(COLLECTED MATERIAL begins)

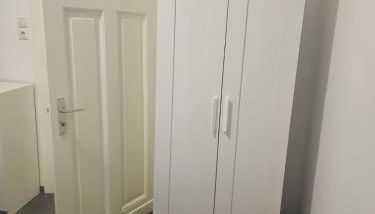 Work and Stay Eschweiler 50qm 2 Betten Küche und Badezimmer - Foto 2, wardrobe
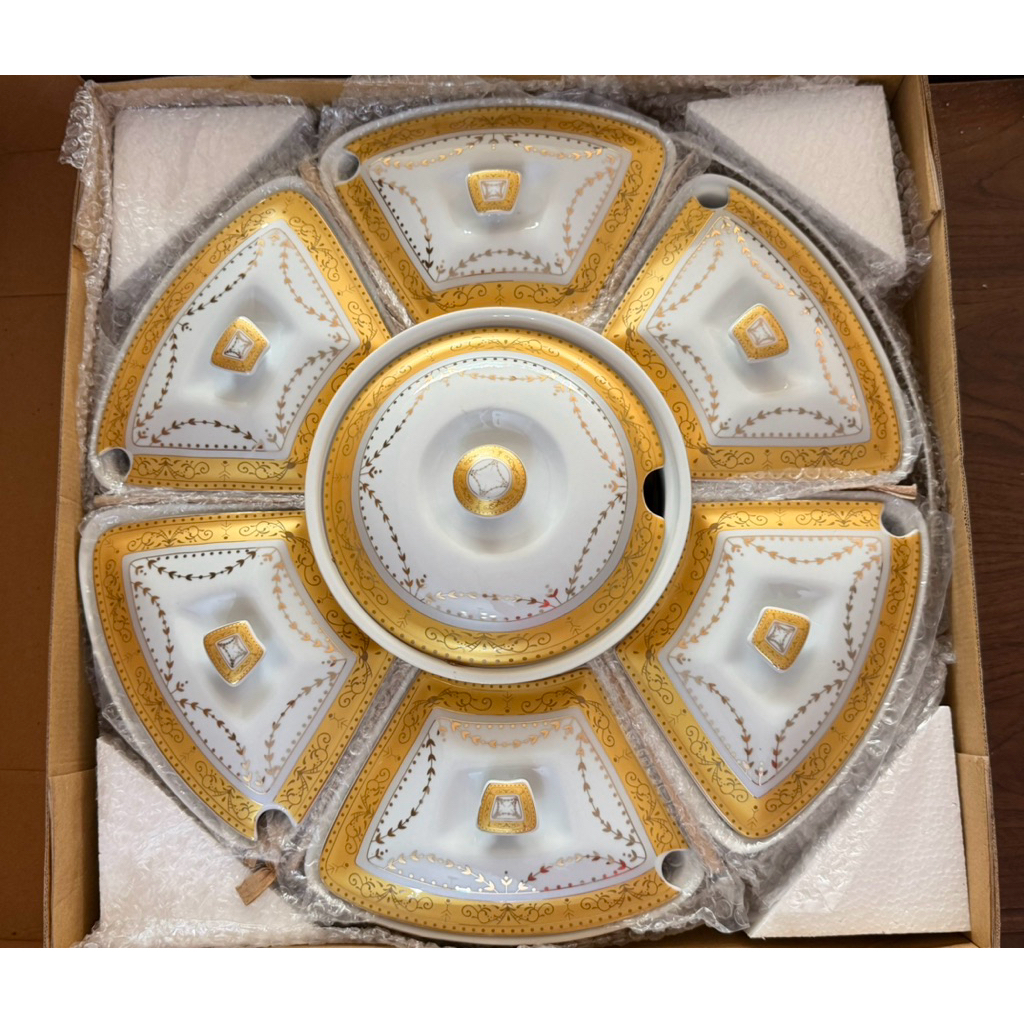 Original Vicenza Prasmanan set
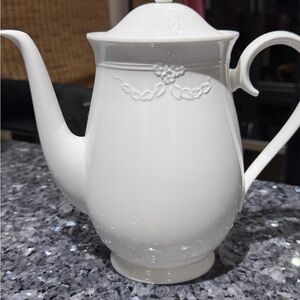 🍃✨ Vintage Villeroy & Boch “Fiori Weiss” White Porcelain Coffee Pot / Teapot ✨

(COLLECTED MATERIAL ends)

**TASK OBJECTIVE**
Apart from the pictures, repeat the data above exactly.

**RESPONSE TO THE TASK**
 Work and Stay Eschweiler 50qm 2 Betten Küche und Badezimmer - Foto 2, wardrobe
 Original Vicenza Prasmanan set
 🍃✨ Vintage Villeroy & Boch “Fiori Weiss” White Porcelain Coffee Pot / Teapot ✨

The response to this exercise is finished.